Perhaps The NSA Should Figure Out How To Keep Its Own Stuff Secret Before Building A Giant Database
from the just-saying... dept
Apparently, the brilliant minds at the NSA are completely bewildered as to how Ed Snowden had access to everything he had access to. They don't think it's possible.Among the questions is how a contract employee at a distant NSA satellite office was able to obtain a copy of an order from the Foreign Intelligence Surveillance Court, a highly classified document that would presumably be sealed from most employees and of little use to someone in his position.And, according to other reports, Snowden delivered much, much more to reporters:
A former senior NSA official said that the number of agency officials with access to such court orders is “maybe 30 or maybe 40. Not large numbers.”
Mr. Snowden has now turned over archives of “thousands” of documents, according to Mr. Greenwald, and “dozens” are newsworthy.In other words, more leaks are to come.
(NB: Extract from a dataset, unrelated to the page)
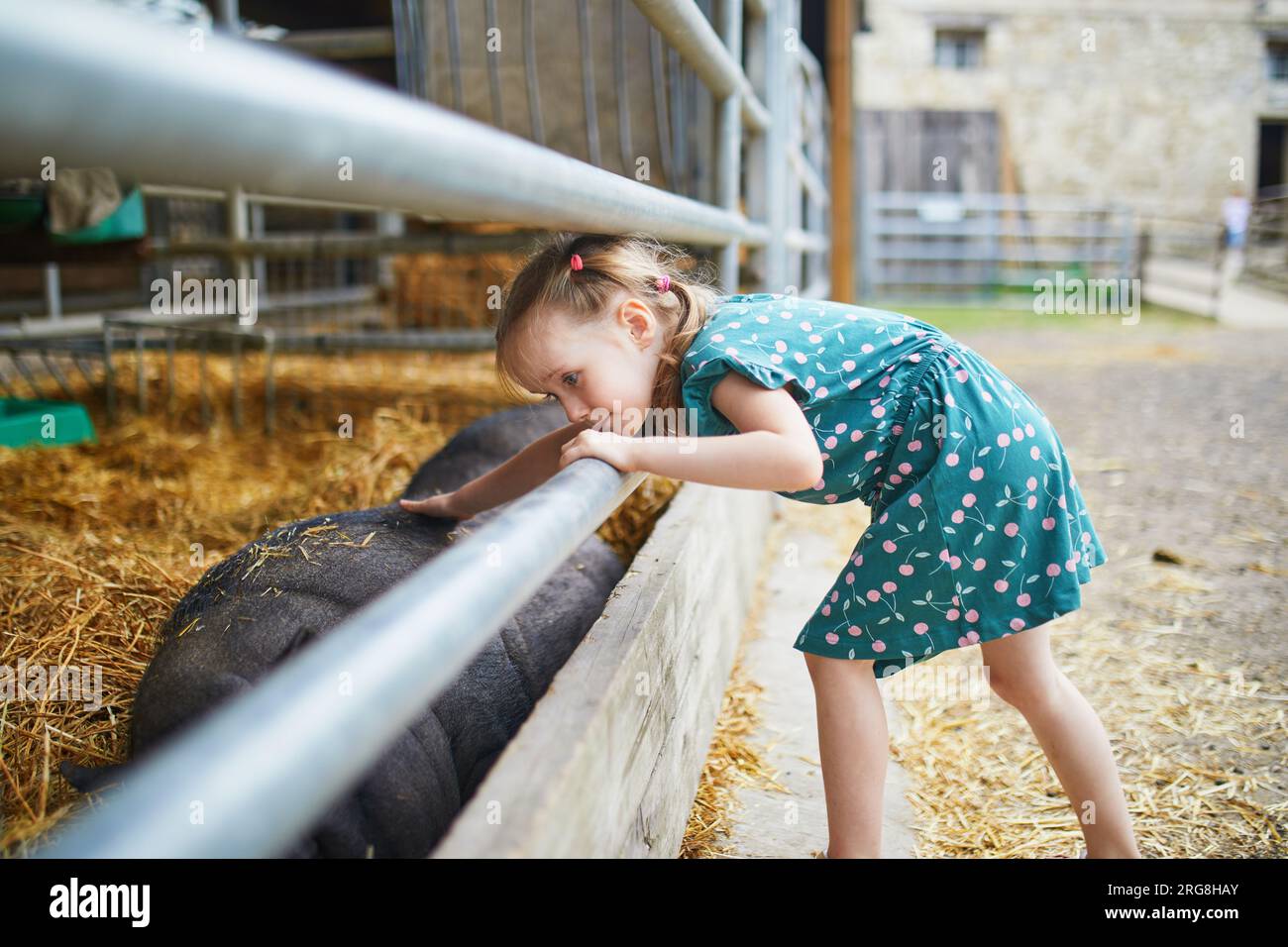 Adorabile bambina in età prescolare che accarezza il maiale in fattoria. Bambino che si familiarizza con gli animali. Agricoltura e giardinaggio per bambini piccoli. Spettacoli estivi all'aperto Foto Stock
But, considering that people are already scrambling to see how one pretty junior IT guy could have access to such things, it's making people wonder just how screwed up the NSA is if information could leak out this way -- and conversely, why should we trust them with our data?
Edward Snowden sounds like a thoughtful, patriotic young man, and I’m sure glad he blew the whistle on the NSA’s surveillance programs. But the more I learned about him this afternoon, the angrier I became. Wait, him? The NSA trusted its most sensitive documents to this guy? And now, after it has just proven itself so inept at handling its own information, the agency still wants us to believe that it can securely hold on to all of our data? Oy vey!Or, as Farhad Manjoo notes later in that same article:
The scandal isn’t just that the government is spying on us. It’s also that it’s giving guys like Snowden keys to the spying program. It suggests the worst combination of overreach and amateurishness, of power leveraged by incompetence. The Keystone Cops are listening to us all.And, on top of that, people are pointing out that if Snowden could walk out with that much supposedly secret information, you have to wonder who else has done so as well, perhaps with much more nefarious intent, such as selling the information to a foreign power or group. Conor Friedersdorf points out that having the NSA collect so much data makes it a key target for the Chinese:
Even assuming the U.S. government never abuses this data -- and there is no reason to assume that! -- why isn't the burgeoning trove more dangerous to keep than it is to foreswear? Can anyone persuasively argue that it's virtually impossible for a foreign power to ever gain access to it? Can anyone persuasively argue that if they did gain access to years of private phone records, email, private files, and other data on millions of Americans, it wouldn't be hugely damaging?And, yet, that's exactly what we've done. If Snowden had access, then it seems only reasonable to assume that he wasn't the only one. Meaning that plenty of others also had access to the same information, and there's a decent chance that it's already leaked to others. The NSA is supposed to be the best of the best, but they don't even seem to know how to keep their secrets secret.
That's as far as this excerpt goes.